I believe there is no shame in deciding I don’t need to be connected to the world for a while and leaving the house without my phone. Sometimes it’s good to remind myself that I’m not going to die or become helpless without my mobile device. (I don’t normally feel that way, either, but I have still panicked more than was warranted when I have temporarily lost my iPod, and this feeling tends to get subconsciously pressed into me by other people’s conceptions of mobile devices.)

#3. The default action
When I don’t know what to do, I don’t want to just pick up my phone and start playing with it. Technology has a way of becoming the first thing people think about, and sometimes therefore the only thing we think about. That makes it more indispensable and more in control of us, rather than the other way around. It limits our ability to think for ourselves and our ability to simply sit and be bored. Personally, when I bought my iPod Touch I tried downloading some games, and I found I really didn’t like it. The feeling of sitting down and having nothing else to do and therefore pulling out my iPod and zoning out was just something I found deeply disturbing. That doesn’t mean it’s wrong for everyone, but it means I don’t have any plans to do it again. A mobile device being my default choice when I have nothing to do, to me, means I would never have time to think. For people that choose to use mobile devices in this way, I think it is important to decide deliberately to do so when in a given situation rather than to do it automatically.

What a Phone Should Be
At first I thought I might write a list of attributes like in the preceding section here, but I hardly think it’s actually necessary. The difficult thing with a smartphone is not to envision possible uses or ways it could make your life better—there could hardly be anything easier (as evidenced by the hundreds of thousands of apps available for download at the touch of a button). You have a device with thousands of times the processing power of computers that only half a century ago took up an entire room, and it fits easily in your pocket. It has access to basically any information you could possibly want to look up. It can record the world around you and play it back on demand. It can listen to your voice and understand what you want it to do (well, sometimes). As Clarke’s Third Law says, “Any sufficiently advanced technology is indistinguishable from magic.” And it’s not hard to imagine what kind of mileage you could get out of magic.

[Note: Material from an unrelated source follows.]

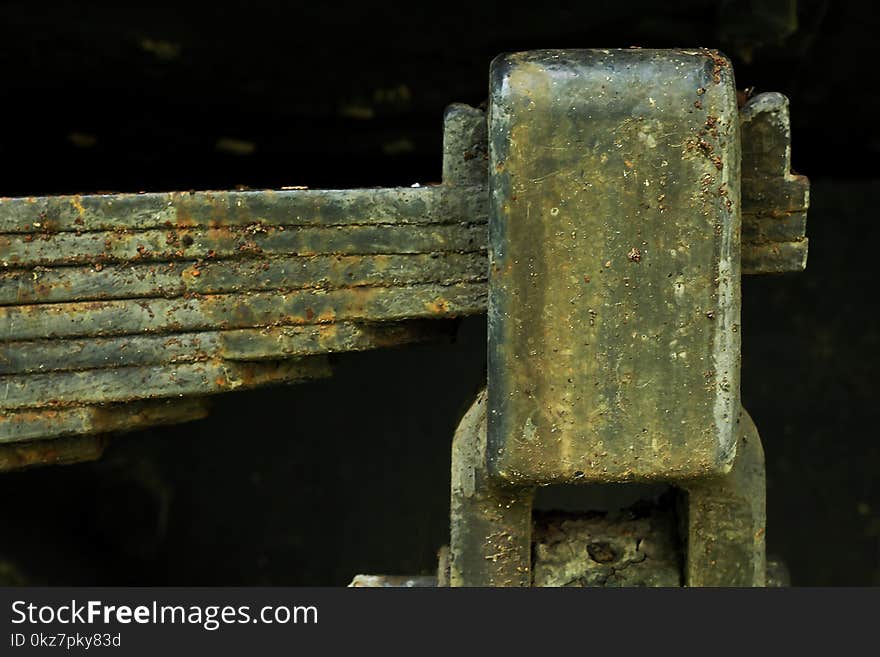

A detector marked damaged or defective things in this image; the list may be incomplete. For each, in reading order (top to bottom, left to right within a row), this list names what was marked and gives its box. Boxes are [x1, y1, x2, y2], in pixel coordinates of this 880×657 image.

No, the real challenge is figuring out what you shouldn’t do with it. And basically, I think that can be summed up by saying you should remain at a certain distance from it. Remember that your phone is supposed to be a helpful tool for you to use how you wish; that’s why you’re paying good money for it, after all. Smartphones weren’t designed to tell you what to do and interrupt you when you want to be working. But it’s easy to let it happen.